While being told by docs he would never stroll again, a buddy called Pedro about placing up his Corvette for sale and instead restored the car to its former glory, as he said, “that car saved my life — literally.” Dennis A. Clark
Naturally, Hassell stored the custom alive for his three kids, born in the late Nineteen Nineties and 2000, with the DeVille.
“When my daughter was born, this car was actually out of service, so I panicked,” he recalled.
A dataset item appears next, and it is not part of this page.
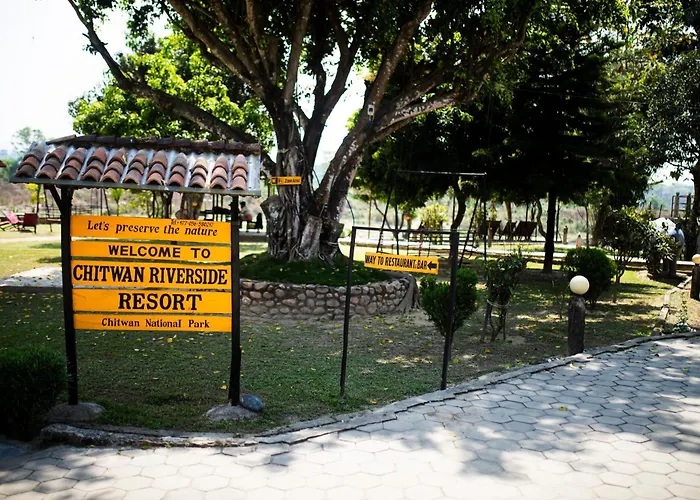 Chitwan Riverside Resort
“I called a friend who had one and told him why I needed to borrow it. He said, ‘Come and get it.’”
Lots of miles
John Romano stands in entrance of his 1968 GTO with its hood open. He bonded with his daughter through the car over the years. Dennis A. Clark
Nicole Romano, has had a long connection to her dad John Romano’s prized inexperienced speedster — a 1968 Pontiac GTO that people are keen to pay $80,000 for.
“As a senior in high school, because she had straight As, she could have the car one day a week,” Romano, now 85, recalled.
“The principal of her school gave up his space for it and would call me up to say, ‘John, everything is good.”
Romano loves utilizing his car to join with others. Dennis A. Clark
Since then, the 2 have loved a super bond over the automobiles, as Nicole would change the oil and carry out other routine work on the pace demon, one that “Fast and Furious” actress Michelle Rodriguez once rode shotgun in.
“It’s amazing how these pieces of machinery bring everybody together,” said Romano, who added that Pedro, a buddy of his from car reveals, works on the GTO now.